William Boyd: Trio review - private perils in 1968 | reviews, news & interviews
William Boyd: Trio review - private perils in 1968
William Boyd: Trio review - private perils in 1968
Quirky thriller uncovers the secret lives on a Brighton film set
William Boyd’s fiction is populated by all manner of artists. Writers, painters, photographers, musicians and film-makers, drawn from real life or entirely fictional, are regular patrons of his stories. Boyd’s latest novel, Trio, is no different.
Talbot, the film’s producer, Anny, its star, and Elfrida, a struggling writer, lead the way. Counting a philosopher, screenwriter and aspiring singer among its secondary cast, the novel depicts the whole gamut of artistic production. So much personality inevitably tells: private lives spill into the public sphere, well-kept secrets come back to haunt their holders, and the sense of foreboding steadily increases as Trio develops into a page-turning thriller.

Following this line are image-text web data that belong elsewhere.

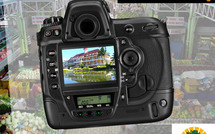 Un marathon photos dans les rues de Papeete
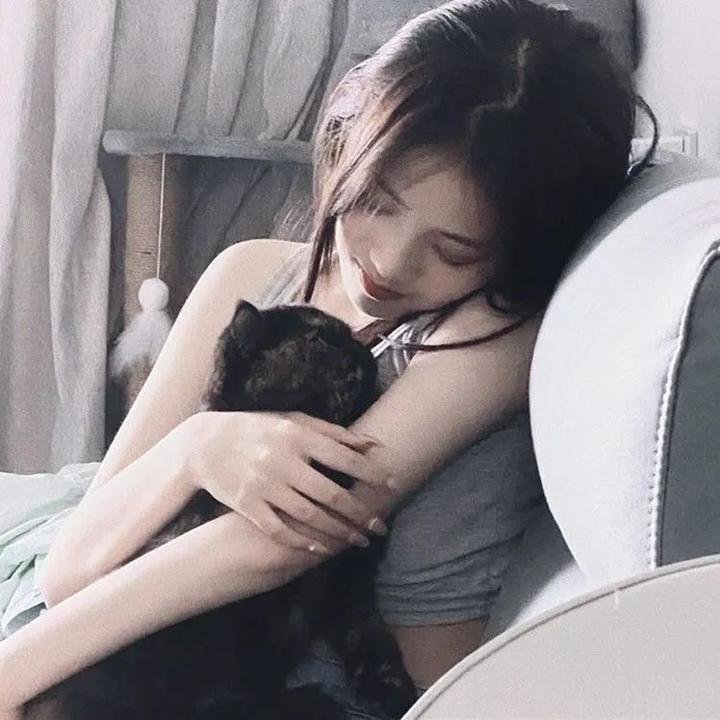 金牌律师之生死劫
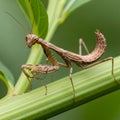 Mantodea order perched on a green stem, displaying an S-curved postu Royalty Free Stock Photo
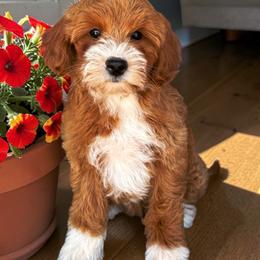 Bernedoodle, Cavapoo, and Goldendoodle Puppies from Adored Poodle & Doodles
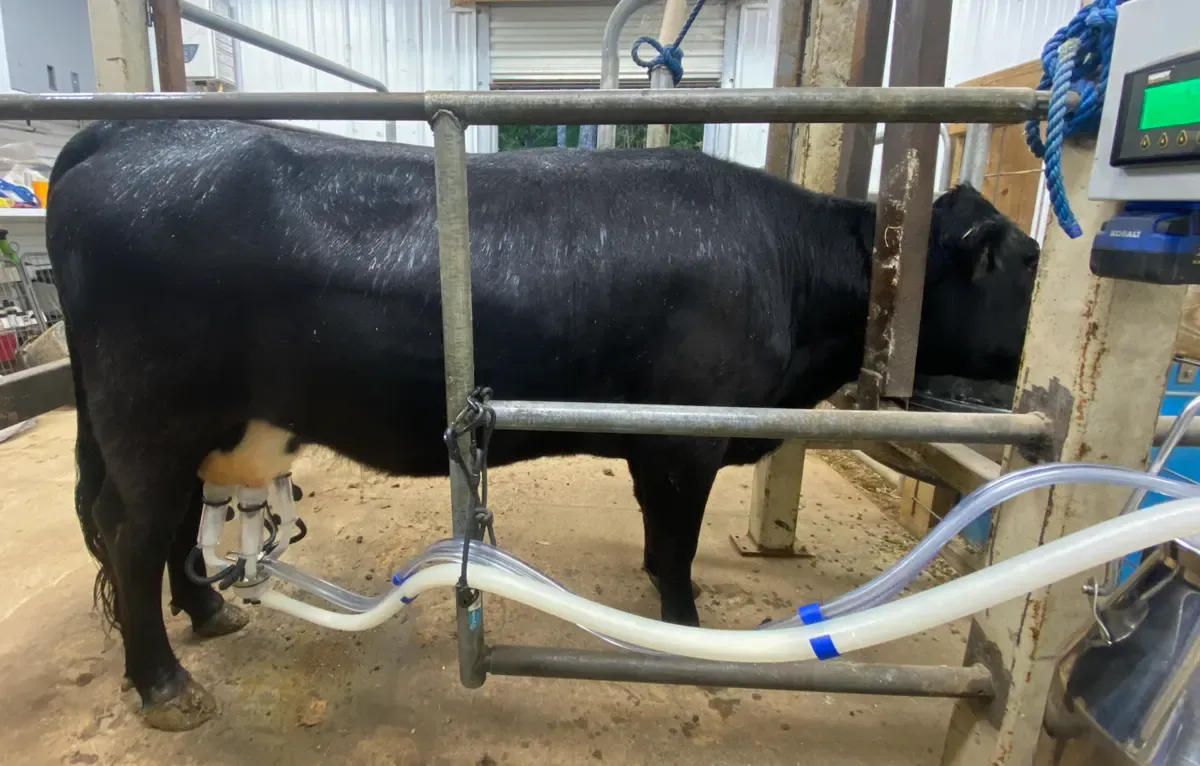 Dexter milk cow standing calmly in a milking stanchion with milking machine attached, demonstrating steady temperament during milking.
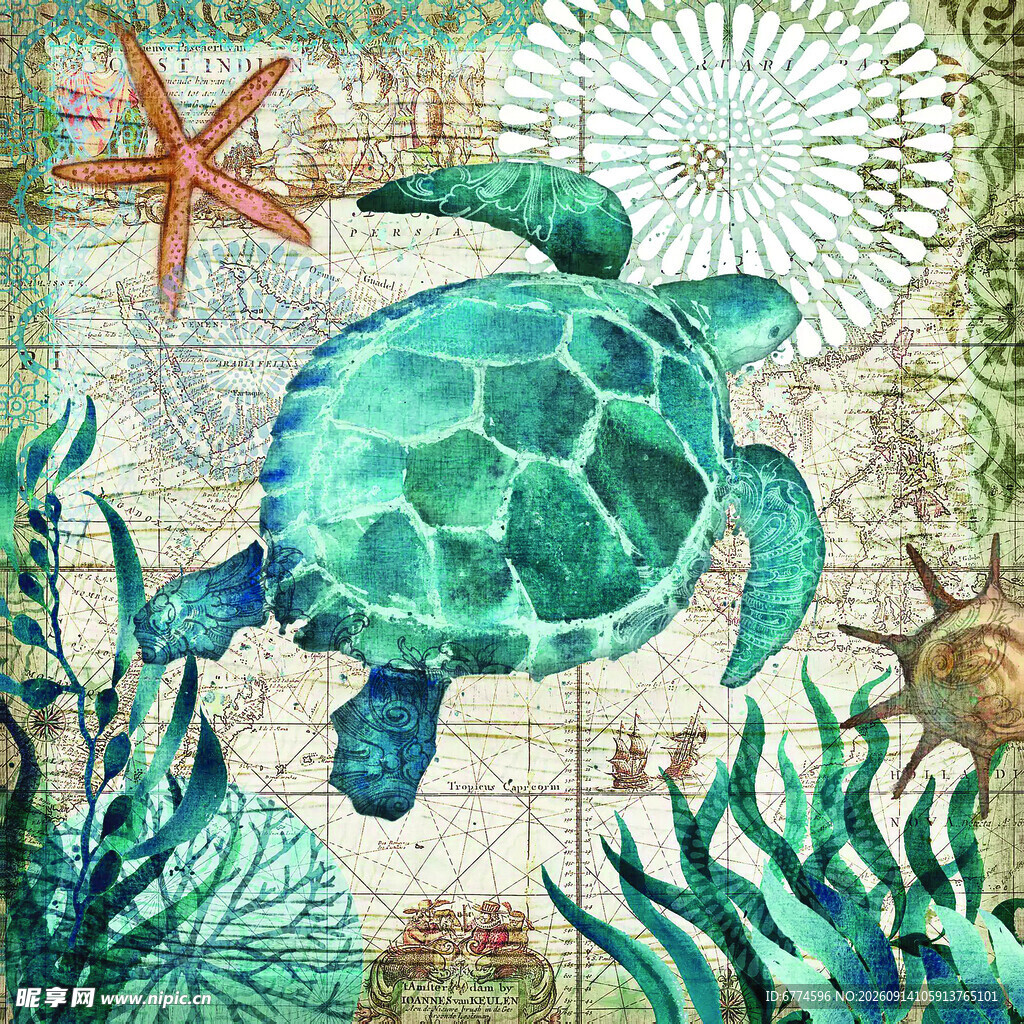 海洋海龟与多彩海底景观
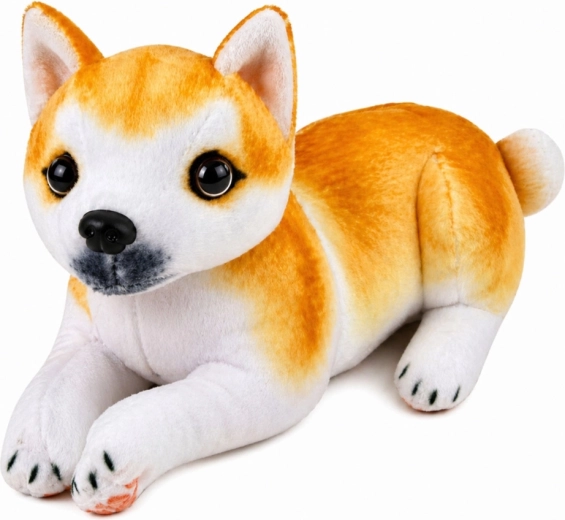 Realistický vzhľad Shiba Inu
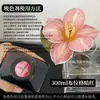 Colorante para flores, absorbente de color para rosas, solución absorbente de color, tinte, colorante para ramos y floristerías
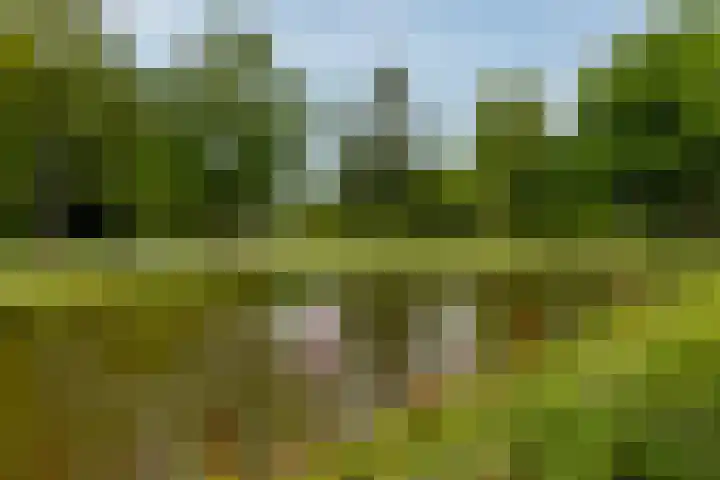 Nassauplantsoen 47 Dordrecht thumbnail 30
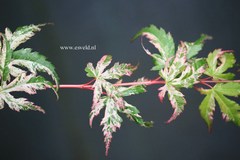 Acer palmatum 'Tsuru no mai'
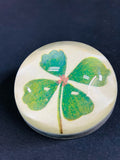 John Derian Paperweight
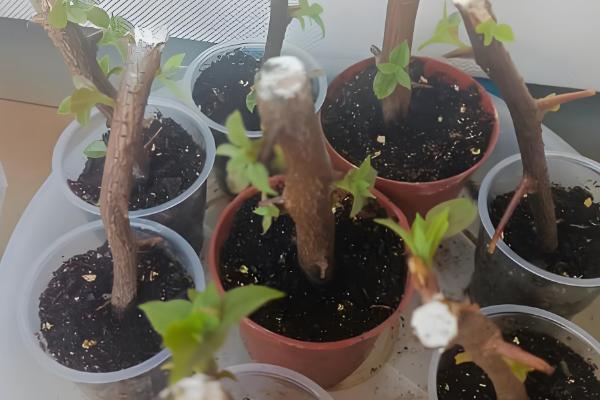 三角梅能不能浇啤酒，富含氮元素可促进枝干生长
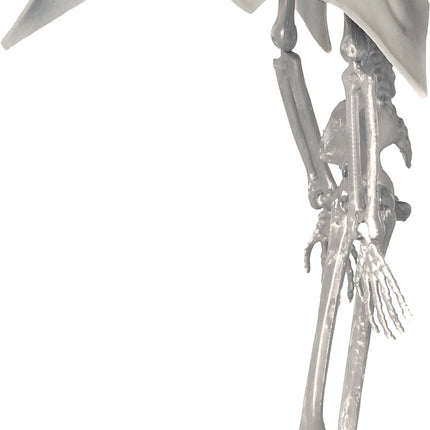 Muñeca Halloween Esqueleto Vampiro 40cm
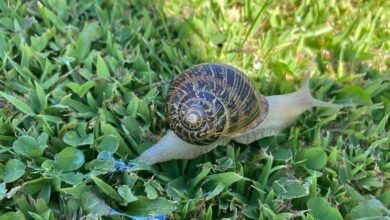 How to Get Rid of Garden Snails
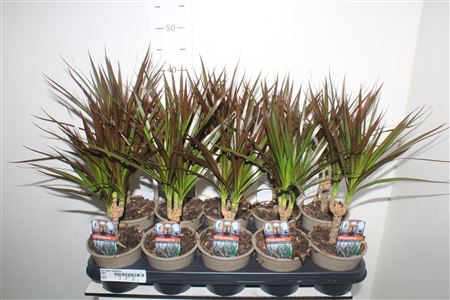 Горшечные цветы и растения оптом Dra Marg Magenta от 10шт из Голландии с доставкой по России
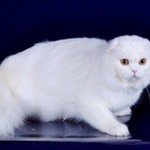 СенаторШотландская длинношерстная вислоухая кошка (Хайленд фолд)
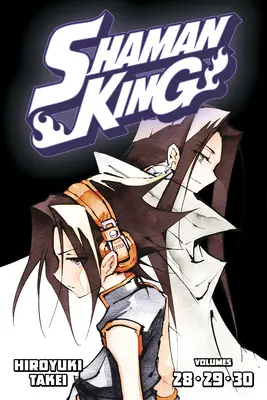 Schamanenkönig Omnibus 10 (Bd. 28-30) - Shaman King Omnibus 10 (Vol. 28-30)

Boyd treats the triangular structure of character narratives with a welcome degree of flexibility. Unafraid of playing with the order of chapters and changing their length (Talbot seems to enjoy more pages than Anny and Elfrida), he lets the story move organically along, avoiding any of the fragmentation that multiperspectivity can bring. The layering of detail, too, creates a distinctly three-dimensional world where real-life popular culture rubs shoulders with fictional creations, whether it be Elfrida’s previous novels that earned her the title of the “new Virginia Woolf”, the constant references to previous films that Talbot and Anny have worked on, or Talbot’s inability to keep out the tune of "MacArthur Park", released just that year. Boyd often goes further than most to encourage his reader’s suspension of disbelief (Nat Tate might be the best April Fools’ hoax ever), and even in the self-professed novel that is Trio, his characters can never quite be confined to the page.
If this play on fact and fiction resembles typical Boydian flair, the avowed focus of Trio is that other precarious opposition of private and public. Talbot, Anny and Elfrida each has a secret life that exerts a constant pressure on their public persona, and it is no surprise when all ultimately comes rushing out into the open. This tension makes for some wonderful scenes, such as the moment where Anny and co-star Troy, lovers inside and outside the film, exchange passionate words before kissing under the cameras. As Anny “closed her eyes and surrendered herself to the moment”, she enacts both a natural lover’s embrace and an entirely calculated one for an important scene in the film. Better yet is Elfrida’s opening to a new novel, which perfectly mirrors Boyd’s opening lines to Trio, an eloquent evocation of how a writer’s experiences permeate their fiction. “Art imitates life”, recognises Anny, but Boyd will keep us wondering whether the reverse is just as often true.
Though much of the novel treats this private/public theme with a quirky charm, there is an occasional tendency to overplay the detail. Our hospitable narrator is eager to spell things out for us, which makes for comfortable reading, at the cost of a degree of subtlety (phrases such as “Humphrey was their son” almost resemble footnotes). The most important mysteries, however, are kept nicely under wraps until the suitable "word-is-out" moment. Boyd’s game of hiding and revealing is framed by a narrator whose instinct to vouchsafe is restrained by the demands of novelistic suspense.
By its very nature, of course, a novel offers a chronicle of private life. Even for a writer such as Boyd, whose tracking of a historical period is as important as the lives of his characters (if not more so), Trio is keenly aware of the paradoxical relationship to secrecy a novel brings. The author’s masterstroke here is to complicate this aspect further, whether it be the actor Troy’s second identity as Nigel, or Talbot’s secret gallery within a secret apartment in London. Even our obliging narrator struggles to penetrate the many layers of its characters’ private lives. One point of regret, perhaps, is the slight underdevelopment of Elfrida’s characterisation. One step removed from Talbot and Anny, she never quite penetrates the central narrative of Trio, and is consequently left isolated, as if forming her own, separate story.
It is inevitable that the interweaving of private and public lives leads to more dramatic irruptions as the novel progresses. Indeed, there is a marked shift in the third part of the novel, imposingly named "ESCAPE", where the eccentricity of earlier sections makes way for a more unambiguous serving of thriller. Boyd confidently – and poignantly – picks apart the winding strands of his narrative in an extended dénouement whose style is on a par with any good crime fiction. Some moments of heavy symbolism remind us that this is a novel about the very process of artistic creation, but the ending more often recalls a previous thriller by this author, Ordinary Thunderstorms, where one misstep can snowball in terrifying fashion.
Trio, then, is an engrossing read, with flashes of Boyd’s classic flair as well as fresh moments of peculiar charm. Although the (genuine) excitement of the ending slightly detracts from its most creative aspects, the reader is left with a sense of the randomness, genius and arbitrariness of artistic production, encapsulated in the day-to-day life of the film set that provides the backdrop to each character’s private tribulations. Even if it does not quite approach Boyd’s best work, Trio is still an intelligent, entertaining and layered read.